Bouhlal Hicham, Chomont Nicolas, Haeffner-Cavaillon Nicole, Kazatchkine Michel D, Belec Laurent, Hocini Hakim
Institut National de la Santé et de la Recherche Médicale, Unité 430, and Université Pierre et Marie Curie, Paris, France.
J Immunol. 2002 Sep 15;169(6):3301-6. doi: 10.4049/jimmunol.169.6.3301.
In the present study we demonstrate that both X4- and R5-tropic HIV-1 strains are able to infect the human epithelial cell line HT-29. Infection was enhanced 2-fold when HIV was added to semen before contact with the cell cultures. The enhancing effect of semen was complement dependent, as evidenced by blockage of generation of C3a/C3a(desArg) in semen by heat or EDTA treatment of semen and suppression of semen-dependent enhancement with mAbs directed to complement receptor type 3 (CD11b/CD18) and soluble CD16. Infection of HT-29 cells was assessed by the release of p24 Ag in cultures and semiquantitative PCR of the HIV-1 pol gene. Inhibition of infection of HT-29 by stromal cell-derived factor 1 was decreased in the case of semen-opsonized X4- and R5-tropic virus compared with unopsonized virus. In contrast, inhibition of infection by RANTES was increased for opsonized X4-tropic HIV-1 compared with unopsonized virus. Taken together these observations indicate that activation of complement in semen may play an enhancing role in mucosal transmission of HIV-1 by facilitating infection of epithelial cells and/or enhancing infection of complement receptor-expressing target cells in the mucosa.

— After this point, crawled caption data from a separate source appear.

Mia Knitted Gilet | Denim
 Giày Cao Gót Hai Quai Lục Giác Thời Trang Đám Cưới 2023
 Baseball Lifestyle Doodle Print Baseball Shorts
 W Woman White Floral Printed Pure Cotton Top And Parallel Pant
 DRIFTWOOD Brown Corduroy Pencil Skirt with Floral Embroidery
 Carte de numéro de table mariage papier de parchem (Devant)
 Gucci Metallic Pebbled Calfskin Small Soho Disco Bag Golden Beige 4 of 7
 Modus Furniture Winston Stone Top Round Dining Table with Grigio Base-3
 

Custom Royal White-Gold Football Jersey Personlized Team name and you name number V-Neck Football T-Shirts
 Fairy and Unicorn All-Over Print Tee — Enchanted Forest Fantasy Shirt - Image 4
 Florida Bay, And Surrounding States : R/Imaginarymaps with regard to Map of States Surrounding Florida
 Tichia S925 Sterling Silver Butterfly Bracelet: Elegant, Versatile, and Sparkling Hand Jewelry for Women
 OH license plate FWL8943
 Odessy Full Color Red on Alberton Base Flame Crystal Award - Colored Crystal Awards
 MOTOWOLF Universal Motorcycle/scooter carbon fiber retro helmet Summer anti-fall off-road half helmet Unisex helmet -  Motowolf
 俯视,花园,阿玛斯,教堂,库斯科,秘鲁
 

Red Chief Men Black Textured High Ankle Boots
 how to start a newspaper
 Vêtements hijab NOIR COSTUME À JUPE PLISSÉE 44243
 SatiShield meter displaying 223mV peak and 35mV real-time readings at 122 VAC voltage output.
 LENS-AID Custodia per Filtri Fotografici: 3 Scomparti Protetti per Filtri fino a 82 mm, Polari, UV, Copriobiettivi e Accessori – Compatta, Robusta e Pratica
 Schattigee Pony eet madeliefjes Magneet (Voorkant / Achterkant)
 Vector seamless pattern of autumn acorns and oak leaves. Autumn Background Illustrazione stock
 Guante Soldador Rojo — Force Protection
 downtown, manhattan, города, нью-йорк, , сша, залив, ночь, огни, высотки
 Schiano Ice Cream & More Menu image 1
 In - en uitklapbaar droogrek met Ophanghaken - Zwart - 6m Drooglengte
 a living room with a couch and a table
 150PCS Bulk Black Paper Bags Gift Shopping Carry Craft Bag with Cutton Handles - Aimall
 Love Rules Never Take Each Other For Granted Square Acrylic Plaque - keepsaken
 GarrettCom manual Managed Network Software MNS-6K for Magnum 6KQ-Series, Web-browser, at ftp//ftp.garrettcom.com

在本研究中,我们证明X4嗜性和R5嗜性的HIV-1毒株均能够感染人上皮细胞系HT-29。在HIV与细胞培养物接触之前将其添加到精液中时,感染增强了2倍。精液的增强作用依赖补体,这可通过对精液进行加热或EDTA处理来阻断精液中C3a/C3a(去精氨酸)的产生以及用针对补体受体3型(CD11b/CD18)和可溶性CD16的单克隆抗体抑制精液依赖性增强作用来证明。通过培养物中p24抗原的释放以及HIV-1 pol基因的半定量PCR来评估HT-29细胞的感染情况。与未调理的病毒相比,在精液调理的X4嗜性和R5嗜性病毒的情况下,基质细胞衍生因子1对HT-29感染的抑制作用降低。相反,与未调理的病毒相比,调理的X4嗜性HIV-1对RANTES感染的抑制作用增强。综上所述,这些观察结果表明,精液中补体的激活可能通过促进上皮细胞感染和/或增强粘膜中表达补体受体的靶细胞感染,在HIV-1的粘膜传播中发挥增强作用。